I’ve been doing research for my internship, which pretty much entails looking up really awesome travelers who have done cool things with their lives that I’m hoping they’ll want to share with me and the magazine. Every single person I’ve looked up is incredibly inspirational, and has an incredible ability to make me feel like a lazy bastard.
It’s not like I don’t want to do awesome things; I dream about doing awesome things constantly. But that’s probably part of the problem. I’m a dreamer, with a mind that darts from idea to idea quickly without ever settling down on any particular one. For the most part, it’s because I’m afraid to commit to any particular project, for fear of missing out on my next opportunity.
When I step back and look at this, I realize that, by waiting around for the next opportunity, I’m inevitably missing every single one that’s in front of me. Even the ones that I don’t realize are there.

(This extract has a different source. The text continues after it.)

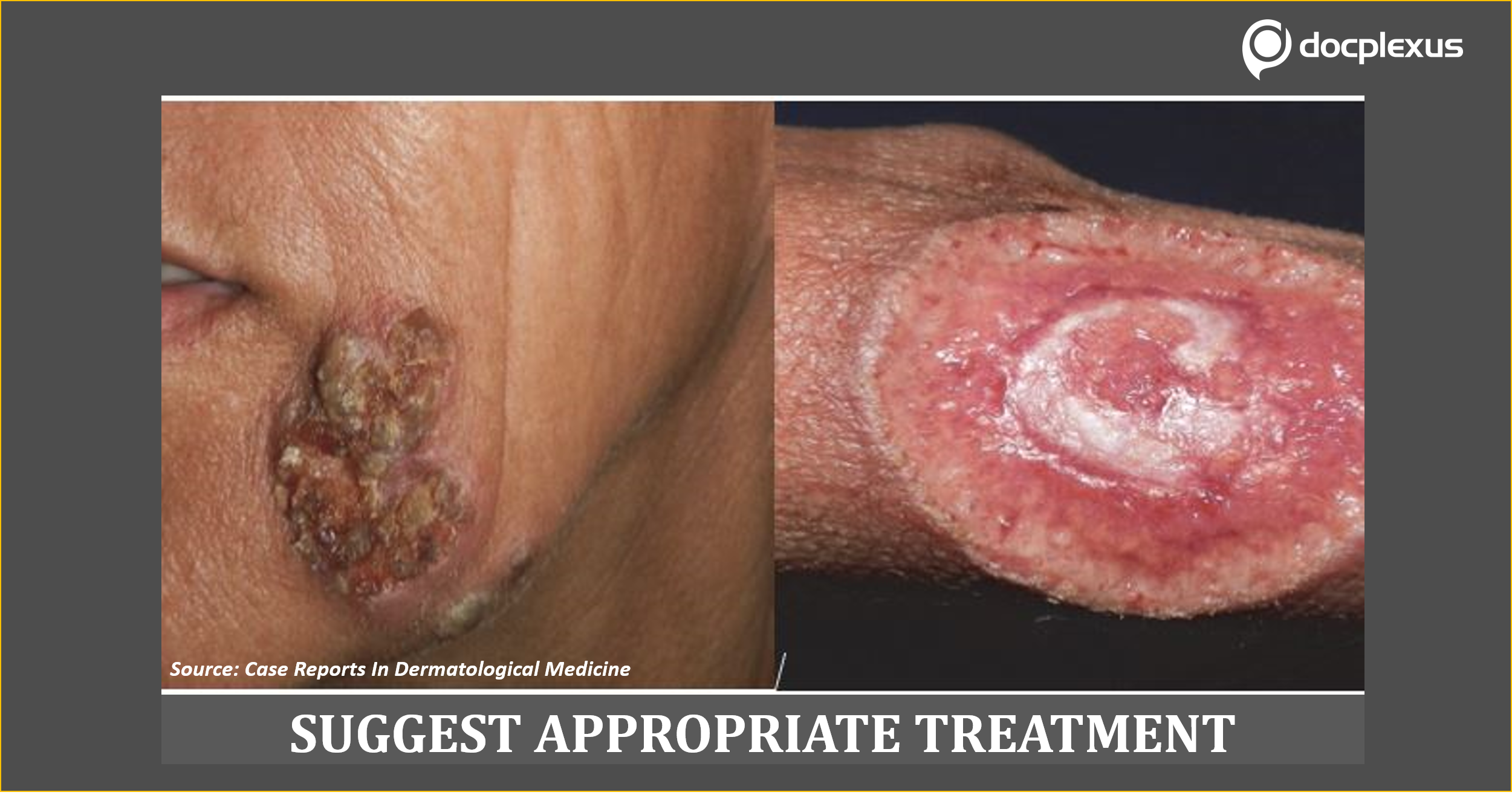 Suggest the Most Appropriate Therapy for This HIV-positive Patient with Syphilis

So I’ve figured out yet another aspect of myself and my personality that I need to work on: commitment. It seems strange to me to say, because I’ve always been very good at commitment once I’ve committed. Aye, there be the kicker. I’m afraid to start that commitment process, for fear that it won’t be the right path and I’ll regret it.
It’s time to stop that feeling. How?
How the fuck would I know? If I had a clue, I probably wouldn’t be in this situation.
First things first: Find something that I want to do. Not something abstract, not a feeling. But a thing. It could be a dream, but it has to be a tangible, accomplish-able dream.
Next: Realize that dreams do not come to fruition immediately. If they are good, substantial dreams, they take time to set up and prepare for. As much as I like to kid myself into thinking that I do things spontaneously on a regular basis, that is a lie.
I like spontaneity. Don’t get me wrong. But I don’t always seem to be very good at it. Another thing for future improvement.
But the point is, I have to realize that long-term goals are long-term for a reason: they take a while.
WOW. College education coming into play right there.
But that doesn’t mean I can’t or shouldn’t start striving and preparing.
Instead of doing so, or being any sort of resemblance of a productive member of society, the world, or my life, I’ve been procrastinating, trying without much enthusiasm to find a job while pretending that a completely open summer is EXACTLY what I wanted. Lies.Well okay, not complete lies. I do enjoy having freedom of movement. Hell, I wouldn’t be here in Maine if that wasn’t the case. But some purpose wouldn’t be too bad right about now. We shall see.
My purpose really should be trying to write constantly constantly constantly, pursuing a dream of eventually becoming a published author, but I think that part of me is too scared to try. The other part of me is too lazy. Is there a way to hire a mental trainer, kind of like those bulky trainers at the gym that yell at you to do twenty more push-ups?
For I am a one in desperate need.
If I devoted nearly as much time to worrying about pursuing things and my future and what I’m going to eat for lunch and how my life is going to pan out, I think that I’d have a lot more done in my life. Maybe not, but I like to pretend so.